**TASK DIRECTIONS**: Gather every line in the records below that contains the word "seara".

[Stored items from a collection]
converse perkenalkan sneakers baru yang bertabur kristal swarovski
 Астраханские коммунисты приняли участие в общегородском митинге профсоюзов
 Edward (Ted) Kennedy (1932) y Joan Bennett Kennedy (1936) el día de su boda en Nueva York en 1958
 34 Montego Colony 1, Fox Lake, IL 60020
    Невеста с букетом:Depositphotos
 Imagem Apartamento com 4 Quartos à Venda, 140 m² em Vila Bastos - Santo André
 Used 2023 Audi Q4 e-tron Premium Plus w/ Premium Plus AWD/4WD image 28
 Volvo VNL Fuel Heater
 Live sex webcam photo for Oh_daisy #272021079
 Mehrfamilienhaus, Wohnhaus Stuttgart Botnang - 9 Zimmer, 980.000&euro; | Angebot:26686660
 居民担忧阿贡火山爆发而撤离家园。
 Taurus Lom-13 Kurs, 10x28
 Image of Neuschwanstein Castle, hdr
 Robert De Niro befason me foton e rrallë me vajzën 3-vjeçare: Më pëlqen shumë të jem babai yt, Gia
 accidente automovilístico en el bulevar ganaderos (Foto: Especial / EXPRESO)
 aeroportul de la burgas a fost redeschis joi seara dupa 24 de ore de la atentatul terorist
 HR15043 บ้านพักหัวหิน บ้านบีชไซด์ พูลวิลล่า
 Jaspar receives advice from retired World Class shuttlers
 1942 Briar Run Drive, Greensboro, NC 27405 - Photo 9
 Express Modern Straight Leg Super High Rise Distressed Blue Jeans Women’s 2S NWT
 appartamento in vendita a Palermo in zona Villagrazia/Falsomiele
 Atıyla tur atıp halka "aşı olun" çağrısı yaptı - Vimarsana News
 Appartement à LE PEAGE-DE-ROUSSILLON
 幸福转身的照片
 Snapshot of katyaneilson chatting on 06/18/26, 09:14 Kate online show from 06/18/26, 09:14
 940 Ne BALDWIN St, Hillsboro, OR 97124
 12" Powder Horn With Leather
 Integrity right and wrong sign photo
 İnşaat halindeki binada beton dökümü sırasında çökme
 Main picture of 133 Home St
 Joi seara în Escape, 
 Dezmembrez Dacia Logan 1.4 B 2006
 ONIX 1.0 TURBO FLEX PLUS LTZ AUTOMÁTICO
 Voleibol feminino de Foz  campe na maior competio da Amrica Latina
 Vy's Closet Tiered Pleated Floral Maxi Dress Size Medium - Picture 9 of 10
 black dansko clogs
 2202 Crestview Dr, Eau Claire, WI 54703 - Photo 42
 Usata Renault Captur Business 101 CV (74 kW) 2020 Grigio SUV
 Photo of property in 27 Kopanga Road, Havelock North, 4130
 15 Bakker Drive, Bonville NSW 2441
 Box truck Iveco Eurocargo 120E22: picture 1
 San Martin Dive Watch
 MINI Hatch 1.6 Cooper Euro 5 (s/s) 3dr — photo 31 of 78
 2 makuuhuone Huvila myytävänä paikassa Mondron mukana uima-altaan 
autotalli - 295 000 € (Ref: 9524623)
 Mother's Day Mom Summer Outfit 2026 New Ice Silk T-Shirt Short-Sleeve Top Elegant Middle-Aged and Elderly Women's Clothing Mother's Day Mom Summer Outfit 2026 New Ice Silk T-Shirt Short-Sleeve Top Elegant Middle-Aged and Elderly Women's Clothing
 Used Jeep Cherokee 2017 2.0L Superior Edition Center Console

**TASK RESPONSE**:
 aeroportul de la burgas a fost redeschis joi seara dupa 24 de ore de la atentatul terorist
 Joi seara în Escape, 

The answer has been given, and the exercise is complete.